La deuxième partie sera sur la chanson « Relève toi », de Lara Fabian. Je patinerai avec un tissu en forme de fumée noire, avant de m’envoler avec mes deux partenaires. C’est très symbolique. Je ne pouvais simplement pas revenir sur scène sans avoir ces deux tableaux qui retracent mon histoire.
Je veux continuer la prévention et la sensibilisation aux violences sexuelles sur la glace. Le fait qu’Holiday On Ice défende ce combat est honorable. Et surtout, c’est la première fois qu’une artiste sur glace va défendre la cause des violences sexuelles dans un numéro chorégraphique. »
SOUHAITEZ-VOUS VOUS EXPRIMER SUR LA MORT DE VOTRE ANCIEN ENTRAÎNEUR ? COMMENT VOUS SENTEZ-VOUS ?

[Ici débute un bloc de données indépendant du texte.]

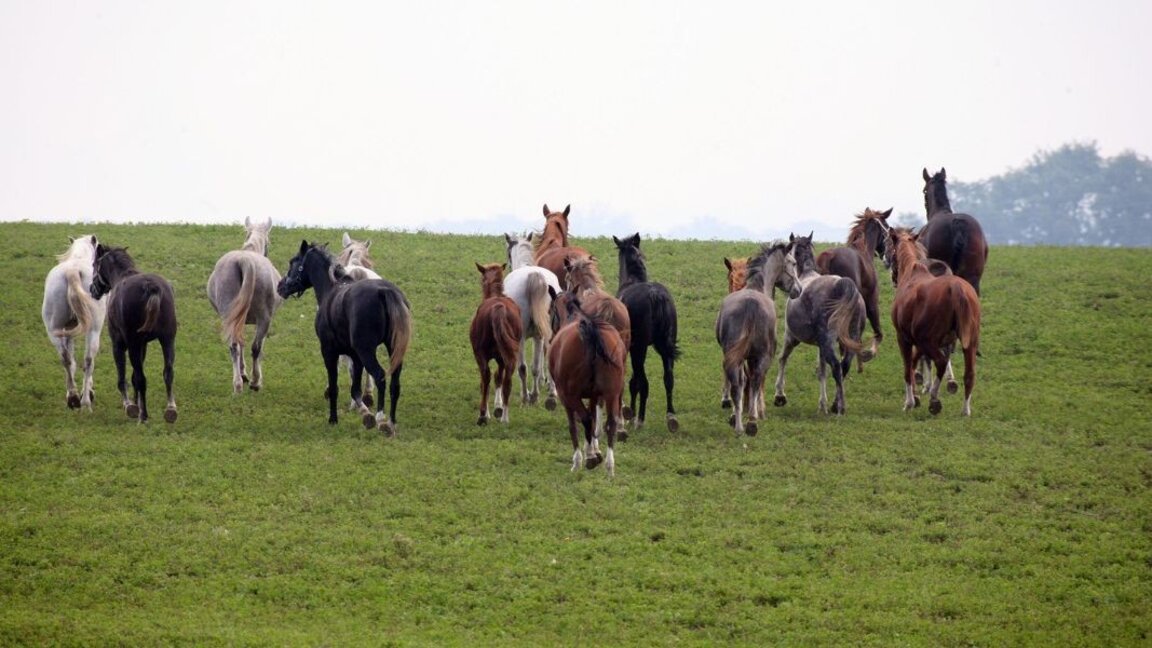 Bulgariens ältestes Gestüt bewahrt vom Aussterben bedrohte Rassen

Le fait qu’il n’y ait pas de procès est quelque chose de très difficile pour toutes les victimes de ce même agresseur. C’est une information qu’on doit digérer. L’instruction a duré trois ans et nous n’avions pas de réponse. C’est un temps long, très long. La justice est longue. Tout ce que je peux conclure, c’est que Dieu en a décidé ainsi et qu’il faut continuer le combat, personnellement avec mon association, et protéger la nouvelle génération.